The stretch wanted below opens at the line containing "Νίκος Βέρτης: Στο" and closes at the line containing "Foto de VENTA". Please return it exactly, with no other lines.

(Records contained in a dataset)

___

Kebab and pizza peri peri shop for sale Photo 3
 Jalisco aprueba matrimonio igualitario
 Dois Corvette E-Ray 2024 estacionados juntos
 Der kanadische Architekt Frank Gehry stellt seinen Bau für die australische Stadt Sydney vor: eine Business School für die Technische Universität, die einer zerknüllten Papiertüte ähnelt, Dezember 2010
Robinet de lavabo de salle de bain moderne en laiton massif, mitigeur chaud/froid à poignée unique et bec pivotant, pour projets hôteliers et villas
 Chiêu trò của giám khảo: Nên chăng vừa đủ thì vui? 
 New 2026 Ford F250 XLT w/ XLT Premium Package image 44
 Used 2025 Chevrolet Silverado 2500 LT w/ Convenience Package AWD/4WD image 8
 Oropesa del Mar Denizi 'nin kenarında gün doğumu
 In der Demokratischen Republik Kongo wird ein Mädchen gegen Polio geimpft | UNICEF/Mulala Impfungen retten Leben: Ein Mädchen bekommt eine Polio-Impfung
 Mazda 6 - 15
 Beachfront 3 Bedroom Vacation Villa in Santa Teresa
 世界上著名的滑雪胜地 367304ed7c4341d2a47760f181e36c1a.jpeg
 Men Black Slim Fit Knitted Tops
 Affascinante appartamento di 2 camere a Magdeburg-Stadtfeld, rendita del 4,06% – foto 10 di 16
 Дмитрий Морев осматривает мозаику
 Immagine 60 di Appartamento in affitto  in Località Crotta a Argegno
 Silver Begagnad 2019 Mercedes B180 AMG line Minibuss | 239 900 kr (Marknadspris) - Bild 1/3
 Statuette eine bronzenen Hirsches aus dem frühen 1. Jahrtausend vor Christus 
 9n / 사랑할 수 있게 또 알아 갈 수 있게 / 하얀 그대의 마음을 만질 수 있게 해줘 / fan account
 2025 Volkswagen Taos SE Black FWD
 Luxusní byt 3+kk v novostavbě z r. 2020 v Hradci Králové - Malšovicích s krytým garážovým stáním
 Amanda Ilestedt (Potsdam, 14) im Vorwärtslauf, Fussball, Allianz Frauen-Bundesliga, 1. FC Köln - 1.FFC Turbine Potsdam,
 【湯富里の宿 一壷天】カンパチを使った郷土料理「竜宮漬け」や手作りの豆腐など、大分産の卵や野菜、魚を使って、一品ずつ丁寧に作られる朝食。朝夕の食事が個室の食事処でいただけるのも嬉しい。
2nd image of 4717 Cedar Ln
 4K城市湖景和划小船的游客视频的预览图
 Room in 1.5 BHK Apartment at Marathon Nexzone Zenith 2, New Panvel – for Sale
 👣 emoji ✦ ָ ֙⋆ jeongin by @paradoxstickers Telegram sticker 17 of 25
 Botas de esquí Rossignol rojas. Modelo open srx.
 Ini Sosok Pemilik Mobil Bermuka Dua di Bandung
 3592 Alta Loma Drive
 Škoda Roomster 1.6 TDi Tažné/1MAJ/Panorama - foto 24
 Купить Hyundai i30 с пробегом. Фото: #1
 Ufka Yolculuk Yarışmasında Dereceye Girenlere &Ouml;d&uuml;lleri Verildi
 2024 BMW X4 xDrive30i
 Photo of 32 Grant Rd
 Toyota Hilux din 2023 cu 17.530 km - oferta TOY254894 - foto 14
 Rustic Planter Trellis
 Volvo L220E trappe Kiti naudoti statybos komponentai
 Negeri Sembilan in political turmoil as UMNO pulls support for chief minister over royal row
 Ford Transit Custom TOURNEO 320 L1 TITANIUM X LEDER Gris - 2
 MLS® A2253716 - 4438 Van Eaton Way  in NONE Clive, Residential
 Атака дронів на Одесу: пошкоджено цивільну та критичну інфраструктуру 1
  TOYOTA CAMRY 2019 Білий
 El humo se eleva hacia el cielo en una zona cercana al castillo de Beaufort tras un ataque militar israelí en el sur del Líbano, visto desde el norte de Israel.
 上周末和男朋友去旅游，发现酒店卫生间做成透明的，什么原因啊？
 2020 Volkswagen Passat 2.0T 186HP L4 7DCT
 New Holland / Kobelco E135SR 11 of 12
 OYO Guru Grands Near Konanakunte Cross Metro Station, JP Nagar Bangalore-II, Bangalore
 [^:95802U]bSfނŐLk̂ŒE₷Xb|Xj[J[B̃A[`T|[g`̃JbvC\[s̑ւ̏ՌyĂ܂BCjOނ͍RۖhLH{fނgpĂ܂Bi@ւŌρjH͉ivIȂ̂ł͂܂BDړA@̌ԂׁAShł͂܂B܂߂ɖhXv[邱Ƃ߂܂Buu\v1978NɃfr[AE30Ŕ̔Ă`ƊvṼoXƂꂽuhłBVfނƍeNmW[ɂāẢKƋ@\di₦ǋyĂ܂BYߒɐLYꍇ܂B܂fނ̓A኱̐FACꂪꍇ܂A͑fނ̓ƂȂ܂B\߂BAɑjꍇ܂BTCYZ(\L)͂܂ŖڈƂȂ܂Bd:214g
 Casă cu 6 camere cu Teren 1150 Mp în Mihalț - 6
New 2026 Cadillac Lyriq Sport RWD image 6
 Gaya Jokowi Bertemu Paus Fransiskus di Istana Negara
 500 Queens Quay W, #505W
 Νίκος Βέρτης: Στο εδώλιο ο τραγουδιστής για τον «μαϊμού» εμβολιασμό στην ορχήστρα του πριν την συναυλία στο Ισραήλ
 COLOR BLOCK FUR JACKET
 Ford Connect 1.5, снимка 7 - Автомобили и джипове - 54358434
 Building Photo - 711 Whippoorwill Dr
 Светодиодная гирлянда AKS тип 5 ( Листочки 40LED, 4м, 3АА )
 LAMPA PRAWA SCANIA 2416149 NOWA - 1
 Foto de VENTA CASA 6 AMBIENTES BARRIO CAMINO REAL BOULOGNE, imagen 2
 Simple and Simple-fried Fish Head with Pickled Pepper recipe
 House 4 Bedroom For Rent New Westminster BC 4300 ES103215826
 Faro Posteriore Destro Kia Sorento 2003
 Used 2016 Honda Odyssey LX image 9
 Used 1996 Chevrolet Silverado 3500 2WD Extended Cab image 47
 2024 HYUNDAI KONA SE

___

**Result:**
 Νίκος Βέρτης: Στο εδώλιο ο τραγουδιστής για τον «μαϊμού» εμβολιασμό στην ορχήστρα του πριν την συναυλία στο Ισραήλ
 COLOR BLOCK FUR JACKET
 Ford Connect 1.5, снимка 7 - Автомобили и джипове - 54358434
 Building Photo - 711 Whippoorwill Dr
 Светодиодная гирлянда AKS тип 5 ( Листочки 40LED, 4м, 3АА )
 LAMPA PRAWA SCANIA 2416149 NOWA - 1
 Foto de VENTA CASA 6 AMBIENTES BARRIO CAMINO REAL BOULOGNE, imagen 2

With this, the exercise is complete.